#### Task to complete:
There should be no pictures in your answer, only an exact copy of the lines from the one with "thumbnail image 4" through the end of the material.

#### Data extract:
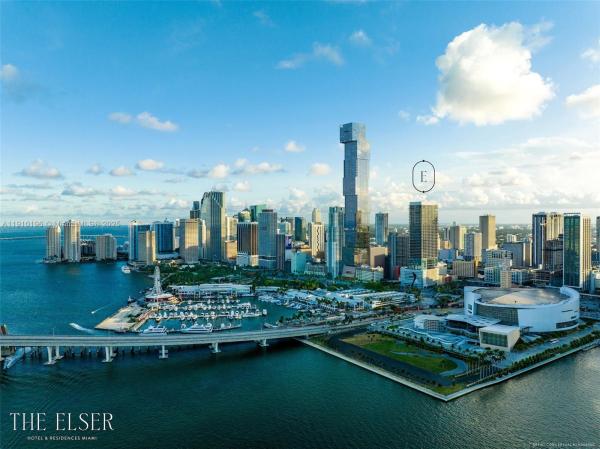 The Elser Hotel & Residences, 398 NE 5th St #1801, Miami, Florida 33132, image 1
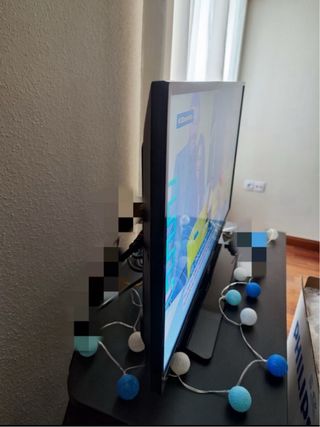 Smart TV LED ultrafino Philips televisor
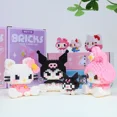 thumbnail image 4 of Kuromi LinaBell Hello Kitty Building Blocks Princess Cartoon Bricks for CHILDREN'S Birthdays Halloween Christmas Easter, 4 of 10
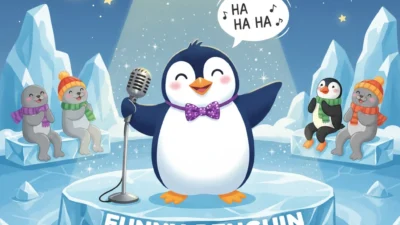 Penguin Puns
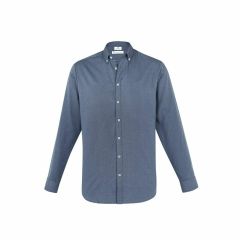 Biz Collection Mens Memphis Shirt_ Grey Smoke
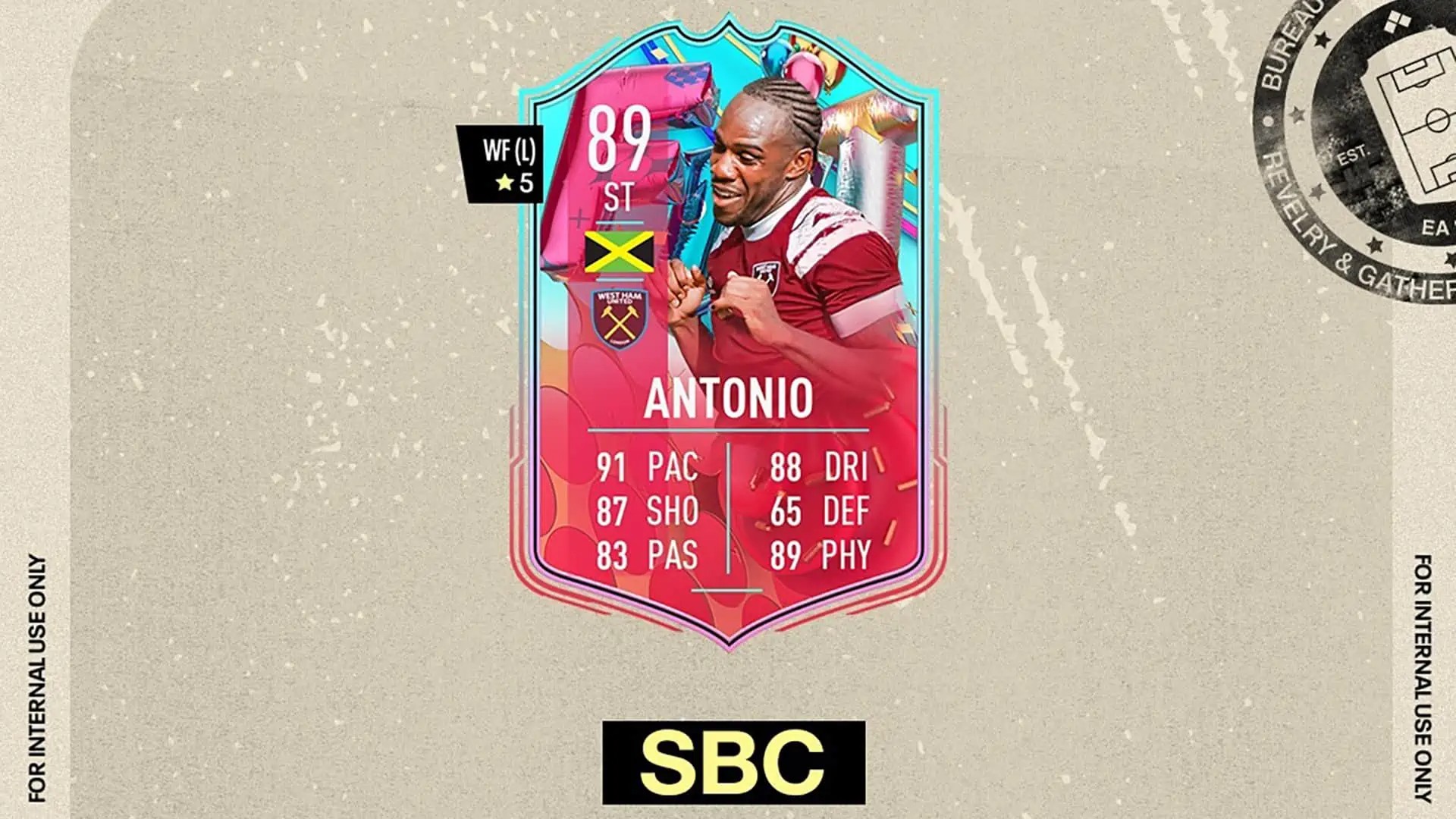 FIFA 23: SBC Michail Antonio of the FUT Birthday Campaign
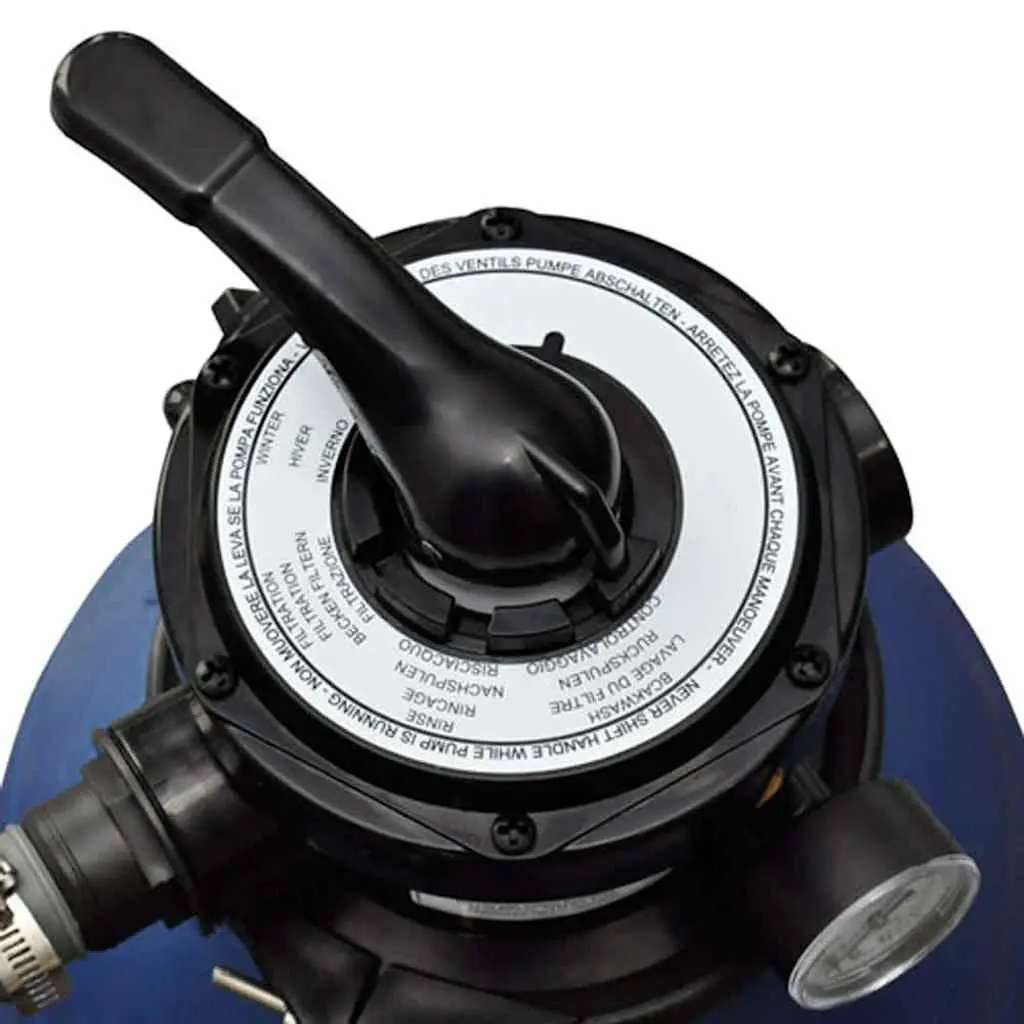 Sand Filter Pump 400W for Pool Fun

#### Expected answer:
 thumbnail image 4 of Kuromi LinaBell Hello Kitty Building Blocks Princess Cartoon Bricks for CHILDREN'S Birthdays Halloween Christmas Easter, 4 of 10
 Penguin Puns
 Biz Collection Mens Memphis Shirt_ Grey Smoke
 FIFA 23: SBC Michail Antonio of the FUT Birthday Campaign
 Sand Filter Pump 400W for Pool Fun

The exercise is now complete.